Audiologist Joanne Rosenberg in her office at Family Hearing Center. (Staff photo by Lexie Yearly.)

By Scott Morgan

Hearing aids get a bad rap. People who wear them are loathe to adjust them when they need to hear better, and other people avoid them entirely because they don’t want to look like they’re at the age when someone needs a hearing aid.

Well, suppose you could adjust your hearing aid levels while the people around you think you’re just checking your phone? Because you can do that now. The folks at Family Hearing Center in Lawrence will see to it.

If you have a smartphone, you can now adjust the volume of your hearing aid wirelessly. What’s more, you can use the phone to enable different hearing programs that allow you to adjust your hearing aid to different situations, said Joanne Rosenberg, audiologist and owner of Family Hearing Center. Separate programs let you shut off and adjust microphone levels in your hearing aid so that you can hear better in, say, a restaurant, where people are murmuring from everywhere. Or at a show. Or when you’re home watching TV.

Speaking of TV, this step forward in wireless tech lets you adjust treble and bass wirelessly and can even work with your television so that you get wireless sound directly to the hearing aid. You can actually watch the TV with the sound turned all the way down and still hear at a comfortable level. Just try to remember to turn it up when someone joins you in the room.

One other thing about the cutting edge — today’s smartphone-compatible hearing aids have GPS locators, so if you lose them, you can track them with your phone. And yes, it happens all the time.

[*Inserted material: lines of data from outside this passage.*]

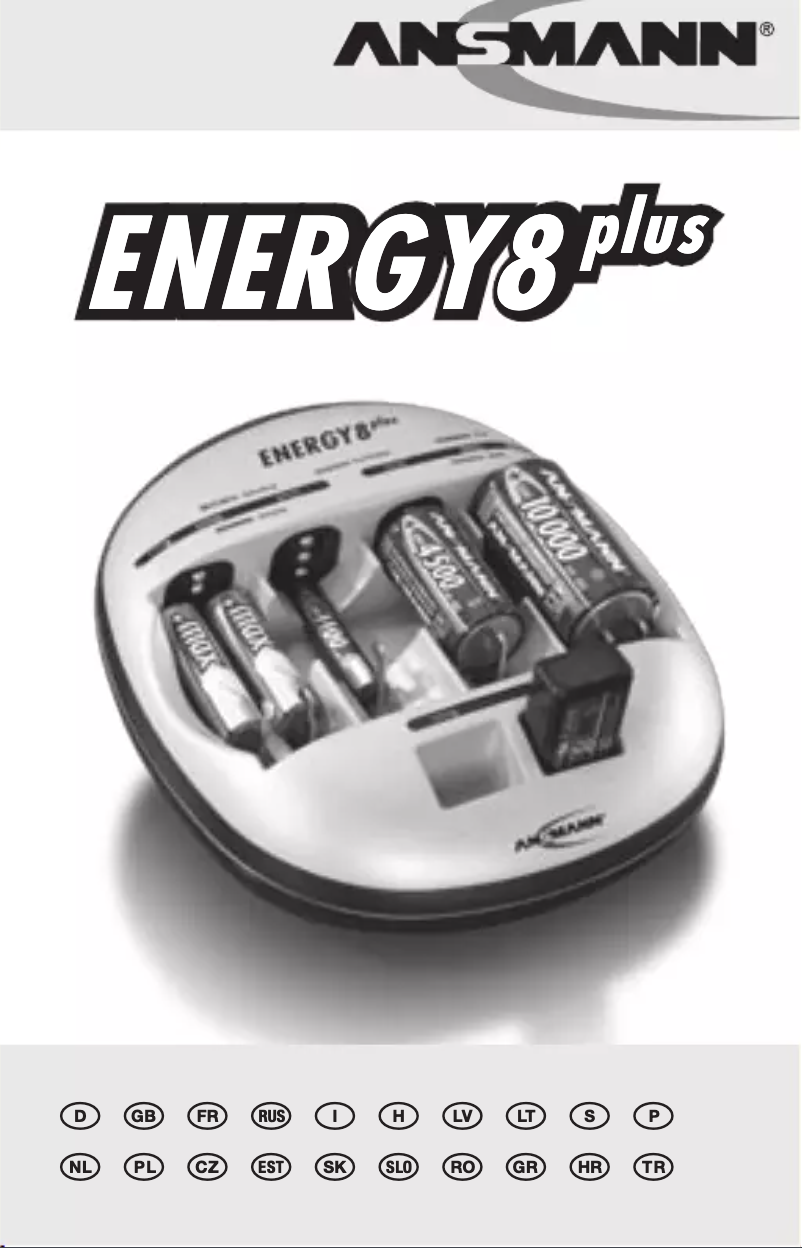 Image de la première page du manuel de l'appareil Energy 8 Plus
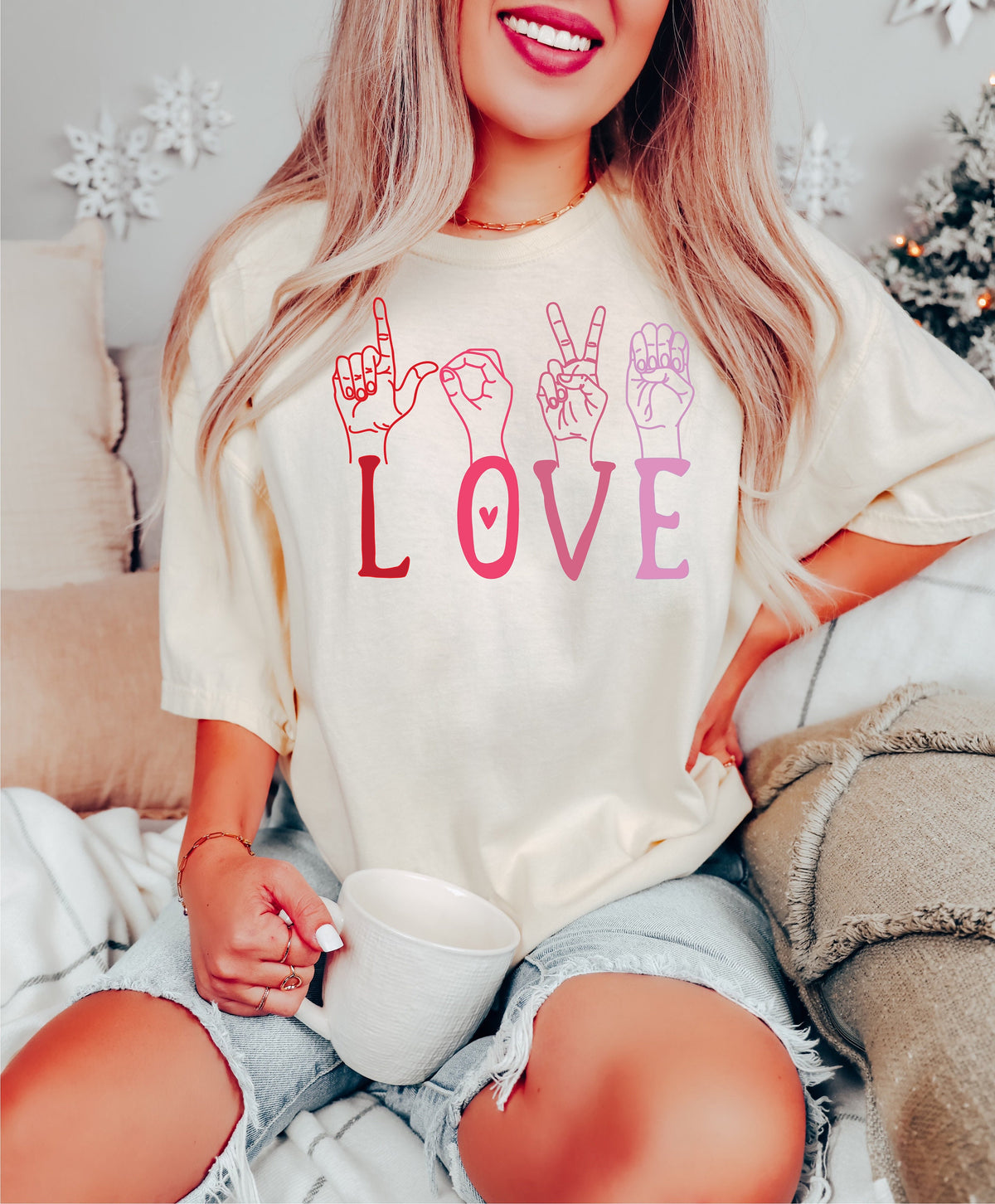 Valentines Day ASL Love Shirt: Sign Language Tee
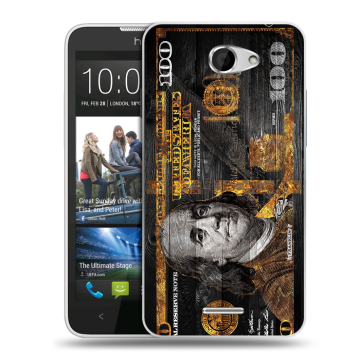Пластиковый чехол на HTC Desire 516 с принтом Доллар деньги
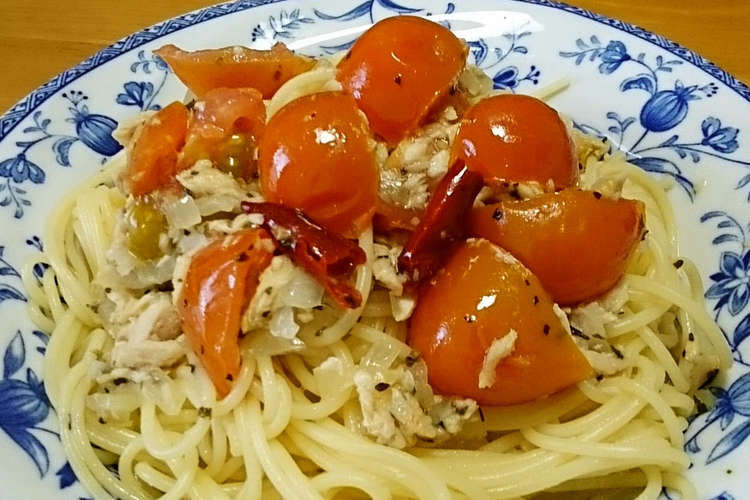 ツナとミニトマトのペペロンチーノ レシピ 作り方 By 聖 ジャムおじさん クックパッド 簡単おいしいみんなのレシピが349万品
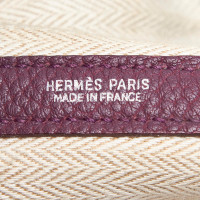 Hermès Garden Party 36 Leather in Violet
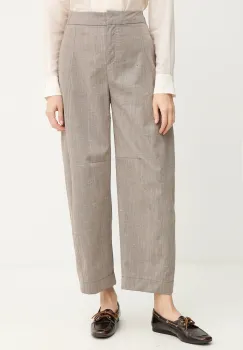 MAX&Co. pantaloni din lana culoarea bej, drept, high waist, 2526136023200 imagine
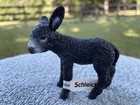 Toy Donkey Foal By Schleich  Display retired 
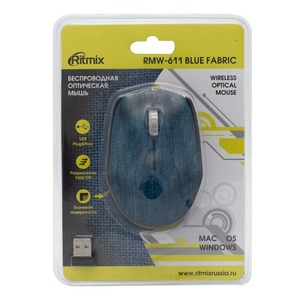 Мышь игровая Ritmix RMW-611 Blue fabric
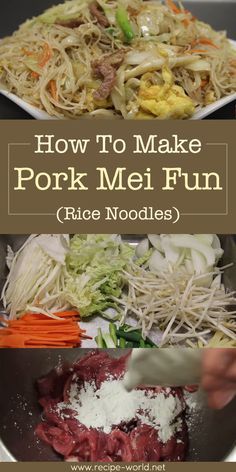 Mei Fun Recipe, Asian Entrees, Mei Fun, Electric Wok, Rice Noodle Recipes, Wok Recipes, Singapore Noodles, Cantonese Food, International Dishes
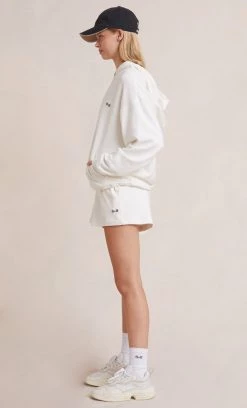 Bec&Bridge SERENA ORGANIC HOODIE - IVORY
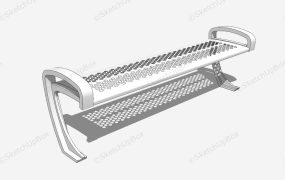 Perforated Steel Bench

“We get a call at least once a week from someone who says ‘I lost my hearing aid,’” Rosenberg said.

But while the technology is a wow, the perception of hearing aids is still a problem. Beyond the feel-old hangups a lot of people have, the fact is, a lot of people just don’t see a hearing aid for what it actually is—a medically prescribed device, not a consumer device.

The perception of them as consumer gadgets isn’t helped when you can buy cheap hearing devices in big box stores where you can also find a 12-pack of socks and something for the car, Rosenberg said. People pick up some device with outdated technology and poor performance and find out it’s junk.

“Then hearing aids get a bad name,” Rosenberg said.

What’s worse, people tell their friends that hearing devices are junk, and it just makes it harder to convince people they need something to enable them to hear again.

By the way, the idea of the grumpy old man who’s hard of hearing? It’s a caricature, and it’s not funny. But it is rooted in a basic fact. People who are hard of hearing tend to become isolated, Rosenberg said. They lose the ability to discern voices and have to say “huh?” a lot, and soon enough everyone gets frustrated because no one can have a real conversation with a person anymore. So the should-be patient withdraws and becomes surly and lonely, and it makes for a dreary life.

And, really, there’s no good reason to not get help. Sure, the latest wireless aids that work with your phone aren’t free — expect to pay anywhere from $1,200 to $3,000 — but insurance can help.

Hearing loss isn’t just something grumpy old people get, and, let’s face it, there might be fewer of those if they had simply gotten some help when their hearing first started to go.